▸ Data extract
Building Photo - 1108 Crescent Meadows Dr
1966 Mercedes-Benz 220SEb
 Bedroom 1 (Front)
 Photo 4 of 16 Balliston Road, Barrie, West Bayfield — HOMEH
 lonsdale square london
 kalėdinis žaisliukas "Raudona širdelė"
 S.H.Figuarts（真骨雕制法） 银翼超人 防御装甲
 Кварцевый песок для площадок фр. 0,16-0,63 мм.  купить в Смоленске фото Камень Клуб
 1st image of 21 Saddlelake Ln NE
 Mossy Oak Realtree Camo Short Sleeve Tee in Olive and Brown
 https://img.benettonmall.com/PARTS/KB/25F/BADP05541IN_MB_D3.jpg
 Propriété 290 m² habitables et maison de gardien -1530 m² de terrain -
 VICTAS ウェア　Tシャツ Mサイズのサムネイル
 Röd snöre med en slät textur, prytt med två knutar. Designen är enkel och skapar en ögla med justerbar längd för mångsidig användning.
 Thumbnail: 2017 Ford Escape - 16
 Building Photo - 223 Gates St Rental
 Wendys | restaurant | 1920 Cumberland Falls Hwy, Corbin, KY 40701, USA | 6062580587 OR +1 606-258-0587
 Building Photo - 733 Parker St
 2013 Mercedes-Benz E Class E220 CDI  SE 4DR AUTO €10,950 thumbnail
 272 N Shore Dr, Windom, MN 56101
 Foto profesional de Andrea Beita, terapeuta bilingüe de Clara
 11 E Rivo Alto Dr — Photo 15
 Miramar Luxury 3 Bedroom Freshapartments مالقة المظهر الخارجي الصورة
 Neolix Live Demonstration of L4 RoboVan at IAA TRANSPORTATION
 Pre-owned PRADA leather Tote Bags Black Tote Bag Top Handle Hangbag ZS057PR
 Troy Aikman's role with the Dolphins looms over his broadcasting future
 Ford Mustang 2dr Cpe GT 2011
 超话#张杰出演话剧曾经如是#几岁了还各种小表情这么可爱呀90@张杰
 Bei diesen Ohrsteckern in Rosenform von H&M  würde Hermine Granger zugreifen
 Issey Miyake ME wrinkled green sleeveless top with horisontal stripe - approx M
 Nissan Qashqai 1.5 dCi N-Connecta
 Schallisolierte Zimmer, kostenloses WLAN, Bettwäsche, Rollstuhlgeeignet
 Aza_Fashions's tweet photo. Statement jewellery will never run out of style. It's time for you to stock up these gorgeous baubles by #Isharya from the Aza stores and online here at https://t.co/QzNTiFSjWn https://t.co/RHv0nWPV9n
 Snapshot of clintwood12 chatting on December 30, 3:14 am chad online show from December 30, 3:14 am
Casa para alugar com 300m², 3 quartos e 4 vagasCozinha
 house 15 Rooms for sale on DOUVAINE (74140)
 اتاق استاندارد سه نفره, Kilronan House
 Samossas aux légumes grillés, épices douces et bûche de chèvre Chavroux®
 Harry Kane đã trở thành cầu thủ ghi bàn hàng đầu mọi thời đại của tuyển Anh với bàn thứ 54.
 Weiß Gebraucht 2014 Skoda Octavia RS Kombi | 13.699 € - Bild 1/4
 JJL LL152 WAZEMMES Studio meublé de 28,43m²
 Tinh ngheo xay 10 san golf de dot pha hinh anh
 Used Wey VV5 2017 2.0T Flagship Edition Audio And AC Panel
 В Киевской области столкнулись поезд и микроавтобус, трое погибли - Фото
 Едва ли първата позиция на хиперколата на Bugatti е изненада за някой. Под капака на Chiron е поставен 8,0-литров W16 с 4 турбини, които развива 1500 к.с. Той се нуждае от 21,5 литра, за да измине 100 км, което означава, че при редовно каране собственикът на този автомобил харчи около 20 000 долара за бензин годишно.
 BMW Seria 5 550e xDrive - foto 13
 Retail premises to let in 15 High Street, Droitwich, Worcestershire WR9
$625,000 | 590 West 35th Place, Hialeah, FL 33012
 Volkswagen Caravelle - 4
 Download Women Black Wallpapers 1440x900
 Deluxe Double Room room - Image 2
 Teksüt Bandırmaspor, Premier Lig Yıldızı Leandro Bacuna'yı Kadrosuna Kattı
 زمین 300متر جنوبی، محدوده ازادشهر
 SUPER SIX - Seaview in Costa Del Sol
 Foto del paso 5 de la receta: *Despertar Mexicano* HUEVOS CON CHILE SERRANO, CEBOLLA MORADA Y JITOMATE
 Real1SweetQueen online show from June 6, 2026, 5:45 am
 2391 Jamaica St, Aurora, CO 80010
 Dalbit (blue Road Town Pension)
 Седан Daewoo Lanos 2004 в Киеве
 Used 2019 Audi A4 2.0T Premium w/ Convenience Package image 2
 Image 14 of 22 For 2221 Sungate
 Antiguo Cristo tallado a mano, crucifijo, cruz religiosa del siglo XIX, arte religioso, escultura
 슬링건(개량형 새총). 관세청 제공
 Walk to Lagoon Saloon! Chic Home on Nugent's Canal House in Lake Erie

▸ Task description
Starting with the line that contains "Седан Daewoo Lanos 2004 в Киеве", print each line through the last one in the listing. Include both end lines and add nothing.

▸ Result below
 Седан Daewoo Lanos 2004 в Киеве
 Used 2019 Audi A4 2.0T Premium w/ Convenience Package image 2
 Image 14 of 22 For 2221 Sungate
 Antiguo Cristo tallado a mano, crucifijo, cruz religiosa del siglo XIX, arte religioso, escultura
 슬링건(개량형 새총). 관세청 제공
 Walk to Lagoon Saloon! Chic Home on Nugent's Canal House in Lake Erie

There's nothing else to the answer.